How to compute this "smooth max operator"?

109 Views Asked by At

I was seeking for an alternate way to activate each neuron of a neural network non-linearly. Eventually, I came up with the following binary operation: $$ x \lor y = \log (\exp x + \exp y) $$

With $-\infty$ being its identity element, along with associativity, this operator roughly works like $\max$. As such, I call this operator smooth max. To provide it some learnable parameters, use it as $f(x_1,\cdots,x_n) = b_0 \lor (w_1x_1+b_1) \lor \cdots \lor (w_nx_n+b_n)$.
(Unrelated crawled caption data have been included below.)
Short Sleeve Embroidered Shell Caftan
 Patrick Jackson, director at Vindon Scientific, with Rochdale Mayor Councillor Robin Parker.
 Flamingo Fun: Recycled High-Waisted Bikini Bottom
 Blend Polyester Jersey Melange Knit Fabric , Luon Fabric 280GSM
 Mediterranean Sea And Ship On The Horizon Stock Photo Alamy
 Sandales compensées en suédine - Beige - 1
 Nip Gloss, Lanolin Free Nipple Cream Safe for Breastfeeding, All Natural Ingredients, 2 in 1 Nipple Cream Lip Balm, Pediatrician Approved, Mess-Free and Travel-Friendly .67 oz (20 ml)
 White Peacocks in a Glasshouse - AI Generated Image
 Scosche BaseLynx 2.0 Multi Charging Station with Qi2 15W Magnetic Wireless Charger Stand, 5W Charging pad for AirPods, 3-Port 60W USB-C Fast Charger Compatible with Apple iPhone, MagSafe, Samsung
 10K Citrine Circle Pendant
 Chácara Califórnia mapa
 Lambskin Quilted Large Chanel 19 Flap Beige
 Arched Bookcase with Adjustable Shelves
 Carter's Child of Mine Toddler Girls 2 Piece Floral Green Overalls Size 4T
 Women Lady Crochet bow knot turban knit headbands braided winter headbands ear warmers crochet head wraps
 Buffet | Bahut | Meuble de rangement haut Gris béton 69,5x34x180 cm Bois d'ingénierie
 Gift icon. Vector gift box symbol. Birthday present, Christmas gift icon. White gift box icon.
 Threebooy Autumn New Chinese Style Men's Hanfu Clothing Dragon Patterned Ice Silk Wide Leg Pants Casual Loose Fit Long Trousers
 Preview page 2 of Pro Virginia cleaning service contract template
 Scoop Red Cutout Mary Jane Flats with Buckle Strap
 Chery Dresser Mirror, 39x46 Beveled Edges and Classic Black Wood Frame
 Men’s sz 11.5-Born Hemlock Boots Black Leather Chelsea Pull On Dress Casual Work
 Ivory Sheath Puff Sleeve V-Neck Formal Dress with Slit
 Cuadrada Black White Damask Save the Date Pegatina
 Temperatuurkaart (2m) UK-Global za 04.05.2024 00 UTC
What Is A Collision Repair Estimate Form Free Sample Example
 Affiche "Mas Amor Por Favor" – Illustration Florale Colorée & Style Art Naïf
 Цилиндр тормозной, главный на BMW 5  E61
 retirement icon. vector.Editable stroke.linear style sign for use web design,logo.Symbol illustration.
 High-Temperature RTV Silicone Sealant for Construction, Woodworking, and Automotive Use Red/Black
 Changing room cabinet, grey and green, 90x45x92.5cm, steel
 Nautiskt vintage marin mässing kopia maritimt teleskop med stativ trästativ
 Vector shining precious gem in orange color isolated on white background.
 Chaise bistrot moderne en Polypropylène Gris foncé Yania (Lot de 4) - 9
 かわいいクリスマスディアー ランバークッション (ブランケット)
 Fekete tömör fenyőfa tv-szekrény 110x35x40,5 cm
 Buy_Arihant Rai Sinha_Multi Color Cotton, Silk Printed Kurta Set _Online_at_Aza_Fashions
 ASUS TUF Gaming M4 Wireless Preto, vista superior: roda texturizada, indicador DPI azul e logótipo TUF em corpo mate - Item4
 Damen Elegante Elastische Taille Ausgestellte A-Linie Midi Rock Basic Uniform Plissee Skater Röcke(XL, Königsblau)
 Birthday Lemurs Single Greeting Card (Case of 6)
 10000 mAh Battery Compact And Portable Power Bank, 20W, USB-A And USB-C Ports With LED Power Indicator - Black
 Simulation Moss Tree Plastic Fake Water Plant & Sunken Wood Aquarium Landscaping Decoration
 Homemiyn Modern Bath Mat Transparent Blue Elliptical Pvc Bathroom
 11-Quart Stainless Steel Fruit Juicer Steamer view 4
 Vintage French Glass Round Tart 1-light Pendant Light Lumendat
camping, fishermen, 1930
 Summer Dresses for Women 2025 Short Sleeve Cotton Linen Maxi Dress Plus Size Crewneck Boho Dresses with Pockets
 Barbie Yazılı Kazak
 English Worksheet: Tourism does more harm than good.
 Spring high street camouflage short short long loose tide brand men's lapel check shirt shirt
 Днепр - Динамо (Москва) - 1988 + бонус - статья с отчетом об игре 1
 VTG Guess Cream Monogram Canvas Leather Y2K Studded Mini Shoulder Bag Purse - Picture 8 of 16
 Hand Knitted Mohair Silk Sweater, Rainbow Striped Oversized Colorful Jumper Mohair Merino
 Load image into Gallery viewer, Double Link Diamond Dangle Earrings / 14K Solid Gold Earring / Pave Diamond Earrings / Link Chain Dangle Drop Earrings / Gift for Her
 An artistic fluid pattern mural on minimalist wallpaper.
I think this provides a good way of activating the neuron (in the next layer) they target, because of the following reasons:

  • This operator is smooth.

  • For $\frac{\partial}{\partial x}(x \lor y) = (1 + \exp(y-x))^{-1}$ and $\frac{\partial}{\partial y}(x \lor y) = (\exp(x-y) + 1)^{-1}$, it guarantees that at least one parameter will be effectively learned during backpropagation. That is, no worry of gradient vanishing problem.

  • It provides some degree of non-linearity on its own, so it doesn't need a separate activation function.

For experimental purposes, I planned to actually use this operator for neural networks I've built. However, I also think there is a problem for this operator. Namely, directly invoking exp and log functions that most programming languages provide will be very prone to floating-point overflow, or floating-point error. So how should I compute this operator safely?

1

There are 1 best solutions below

1
On BEST ANSWER

Without loss of generality assume $x>y$. Then $$ x \vee y = x + \log(1+\exp(y-x)). $$ This should already fix the biggest problems.